_Task requirements:_ Would you restate, word for word, only the lines starting at the one with "Baby cloth diaper" and ending with the final line of the entries below? Pictures stay out.

****

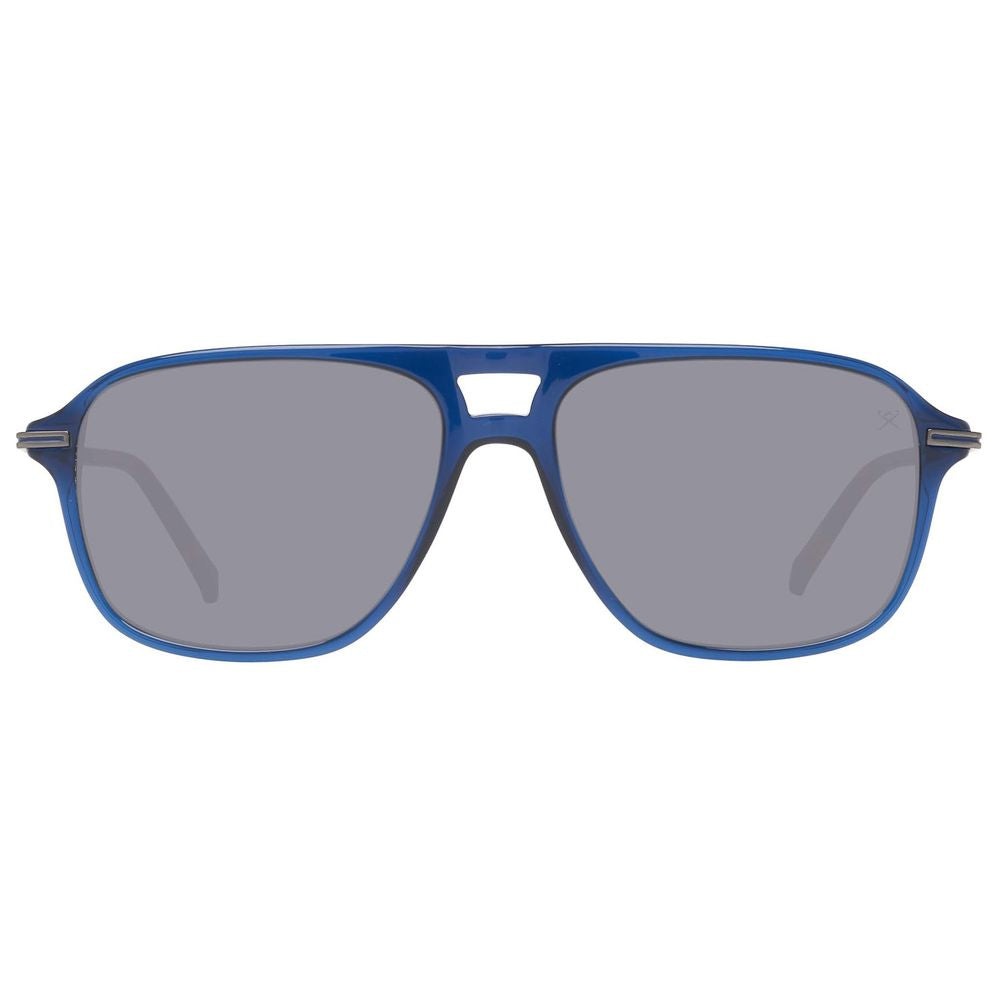 Lunettes de soleil Hackett en cuir de veau bleu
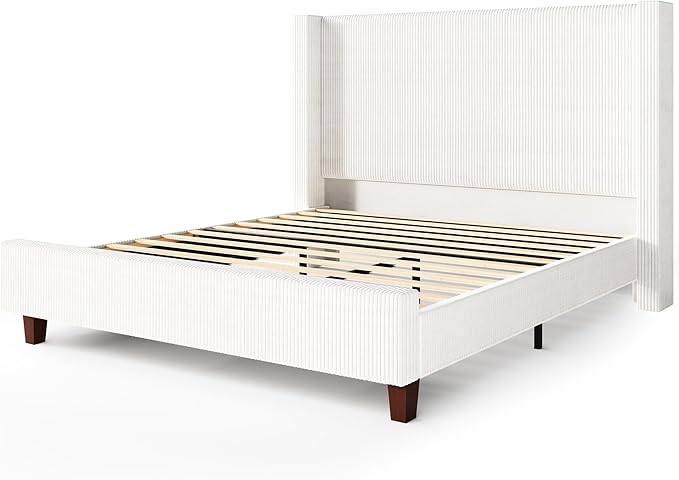 HOWE Queen Size Bed Frame with 50.8" Tall Wingback Headboard, Modern Corduroy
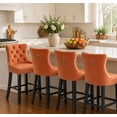 thumbnail image 1 of Widened Counter Height Bar Stools Set of 4, Orange Wood Bar Stools for Kitchen Island, Modern Barstools with Backs, Sillas para Barra de Cocina, Velvet Counter Height Chairs (Orange, 4Pcs), 1 of 5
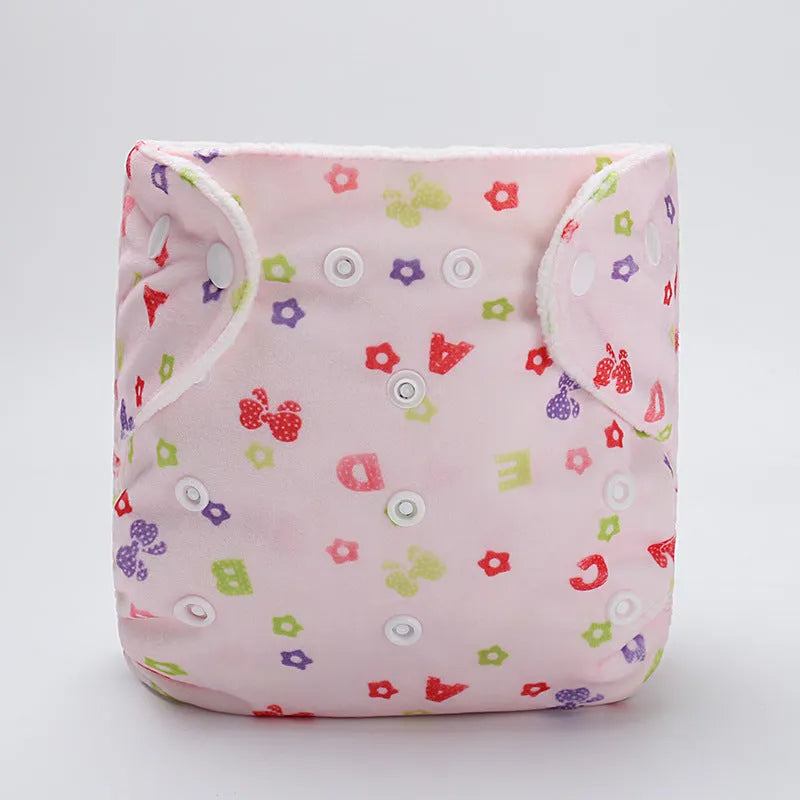Baby cloth diaper pants in cartoon print, polyester fibre reusable nappy cover for 0-3 years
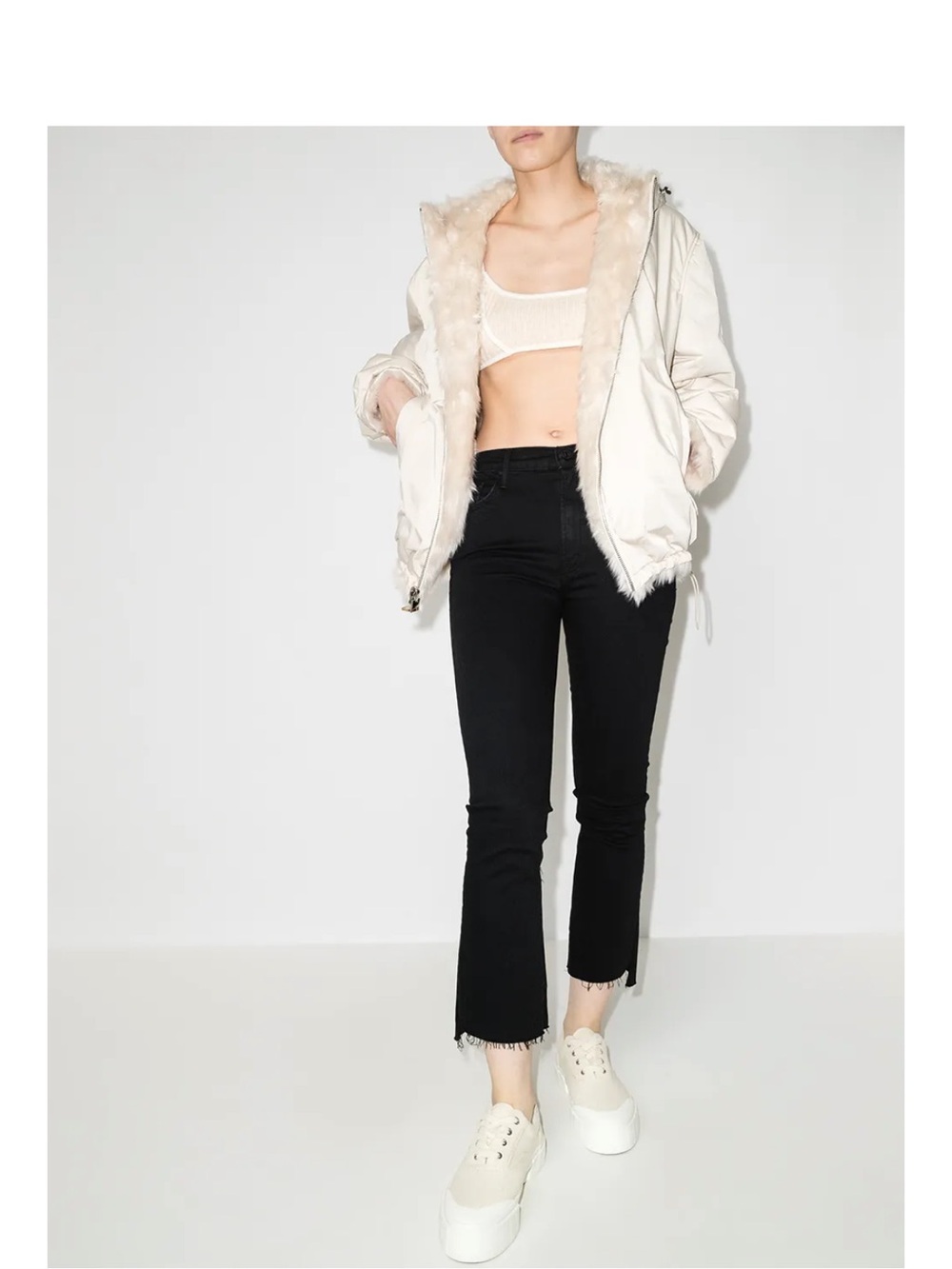 Mother denim insider crop step fray jeans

****

_Answer space:_
Baby cloth diaper pants in cartoon print, polyester fibre reusable nappy cover for 0-3 years
 Mother denim insider crop step fray jeans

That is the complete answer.